O lucro operacional atingiu US$ 38,4 bilhões, avanço de 20%, enquanto o lucro por ação diluído subiu para US$ 4,27, também com crescimento anual de 23%

A Microsoft entregou um novo trimestre de expansão robusta impulsionada por nuvem e inteligência artificial, reforçando sua posição como uma das principais vencedoras da corrida global por infraestrutura digital. No terceiro trimestre fiscal de 2026, encerrado em março, a companhia registrou receita de US$ 82,9 bilhões, alta de 18% em relação ao mesmo período do ano anterior, superando as estimativas de Wall Street. O lucro líquido avançou ainda mais, crescendo 23%, para US$ 31,8 bilhões.
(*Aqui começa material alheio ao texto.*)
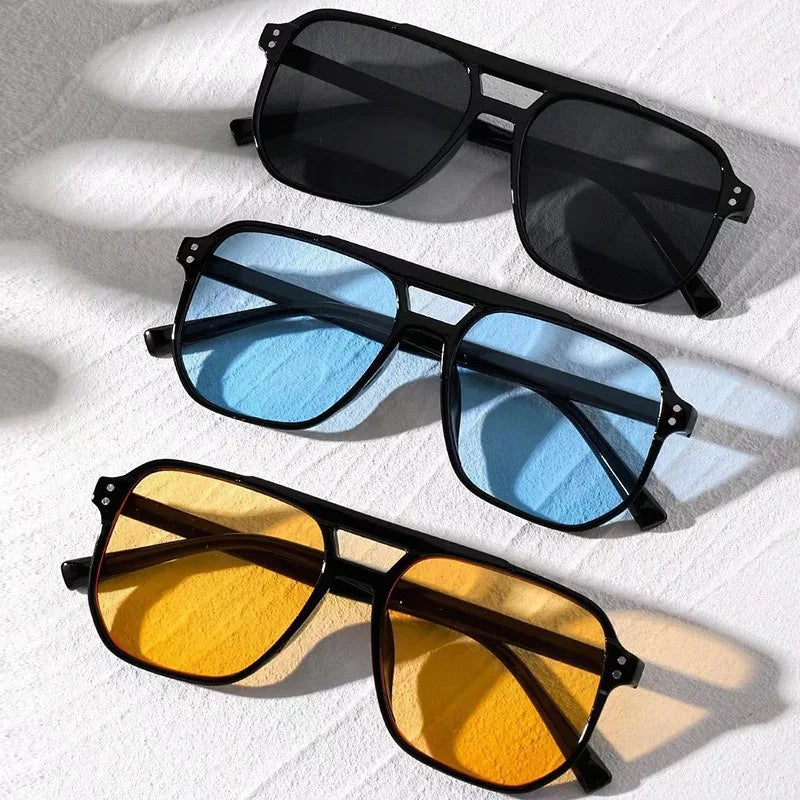 DARIUS SONNENBRILLE – UNISEX-SONNENBRILLE IN SCHWARZ EINHEITSGRÖSSE, AUS KUNSTSTOFF MIT UV400-SCHUTZ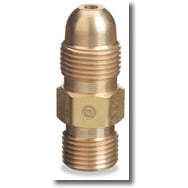 Western #51 Cyl/Reg Adapter - CGA 510 to CGA-300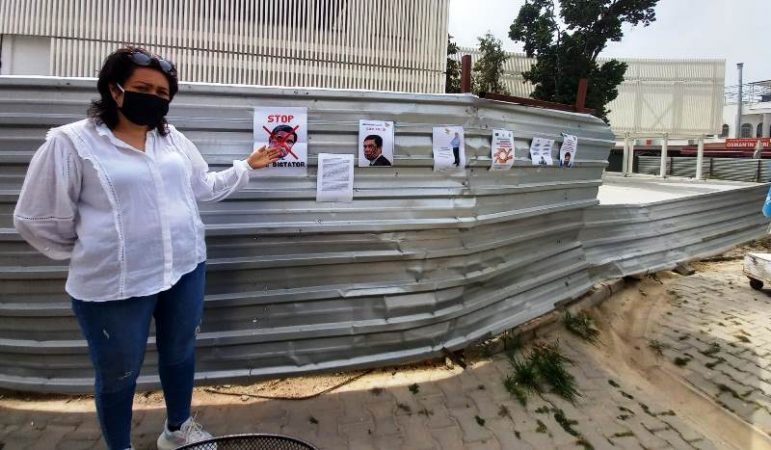 Gelişmeleri Bodrum’dan Protesto Ettiler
O desempenho operacional também mostrou ganho de escala. O lucro operacional atingiu US$ 38,4 bilhões, avanço de 20%, enquanto o lucro por ação diluído subiu para US$ 4,27, também com crescimento anual de 23%. O resultado evidencia a capacidade da companhia de expandir margens mesmo em um ambiente de investimentos pesados em data centers, chips e inteligência artificial.

O principal motor financeiro segue sendo a divisão de nuvem. A receita do Microsoft Cloud alcançou US$ 54,5 bilhões, crescimento de 29% na comparação anual, sustentada pela expansão do Azure, cuja receita avançou 40%. O desempenho confirma que a estratégia liderada por Satya Nadella continua convertendo demanda corporativa por IA e computação em nuvem em receita recorrente de alta escala.

Ao mesmo tempo, a Microsoft mantém ritmo agressivo de investimento para preservar liderança. O capex do trimestre somou US$ 31,9 bilhões, e a companhia projeta investimentos recordes ao longo de 2026, refletindo a disputa por capacidade computacional e infraestrutura para sustentar o avanço da IA generativa.

Mesmo com gastos crescentes, a companhia retornou US$ 10,2 bilhões a acionistas via dividendos e recompra de ações no trimestre, sinalizando força de caixa e disciplina de capital. Para o mercado, os números reforçam uma tese central: a Microsoft não apenas cresce, mas monetiza em larga escala a transição global para IA e nuvem, ampliando receita, lucro e capacidade de investimento simultaneamente.